Yes. And I guess one last question on this. There's pretty significant changes being made to the Part D program in Medicare that increases plan liability that [Technical Difficulty] adoption of biosimilars as payers don't have that same rebate incentive that they had in the past. And they want to slow people's progression through the Part D benefit. Do you think that, that will help kind of push biosimilar adoption further along, kind of a more step change type of...

It potentially could. I think we're still trying to understand how all of these issues play out because it's quite a dynamic situation with that on the IRA. So I think we'll see. But where we constantly look at it and model is advantages and disadvantages. Because advantage is one part of our business, so is disadvantage. But it hasn't really become super crystal how that's going to play out. So we've got to be a bit of a job.

So we've gone almost the entire time without talking about generics. So maybe just hit that.

What difference a year makes. More debt, do you want to throw in a bit of debt?

Yes. You talked about not assuming improvement in generics. Maybe what's the baseline assumption when you say that in terms of what's baked into the long-term plan.

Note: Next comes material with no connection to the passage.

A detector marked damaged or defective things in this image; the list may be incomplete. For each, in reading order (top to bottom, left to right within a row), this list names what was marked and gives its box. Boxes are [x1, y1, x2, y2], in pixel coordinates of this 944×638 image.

So what we did. So firstly, on our generics business, which the world leader in generics. So we're very proud. We're number one. And outside the U.S., which is 65% of our business, we grow mid-single digit to high double digit every year, is super profitable, it's great. We had a challenge with the U.S. business, why we're talking about it. And -- but we have everything to drive that business to long-term growth because we have a great pipeline. We have good manufacturing, a good go-to-market model. We just need to get them more working well together, and that's what we're working on. Now pricing, everybody keeps asking whether the pricing is going to get better. So like a discussion on sort of inflation in the Fed, isn't it? Expecting to reduce it? What's inflation going to be? So for me, pricing is something that we did never predict as a positive. So if you look at our growth and we launched it last year, we said generics would contribute very, very small amount to our growth to '27. [Technical Difficulty] our U.S. business quickly, and we don't know what the market was going to do. Now we believe the only way to pricing is all about competition. I can't control competition. Anyway I can control pricing, as I launch new products, which have less competition. I would improve manufacturing cost of goods to offset some of the price erosion with this improvement. Those are the things we focus on. Will the world get better? I don't know if I was one of the purchasers, I would not. I would keep trying to drive down prices as much [Technical Difficulty] make more money? [Technical Difficulty] the years where a quarter is where it's better, we'll take that. But I don't think I'll ever -- I never say this actually. I think I'm always told not to say this, but I don't think I'll ever say we didn't hit our targets because the pricing in the U.S. went down so much, too much, I won't say that.

But I guess on the flip side, do you feel like there have been structural changes to the...

No.

No.

No, everybody keeps asking me that. No. The 3 buyers are still living ferociously hand to mouth and [indiscernible] the least price. Some quarters, less people come in to the market with new molecules, some quarters more come in. But to look at that in a positive way, I think for us, we think it's dangerous. We just assume it's going to be super hard every year. And if it's not, we'll take it, but if it is, we've prepared for it. And we don't make excuses internally. We say, well, we make -- we need to make our stuff cheaper every year, and we should launch better every year. If we do those, we can handle whatever comes with it.

Great. Well, that's all the time we had. Richard, thanks so much. Really appreciate it.

I really appreciate it. Thanks for your time.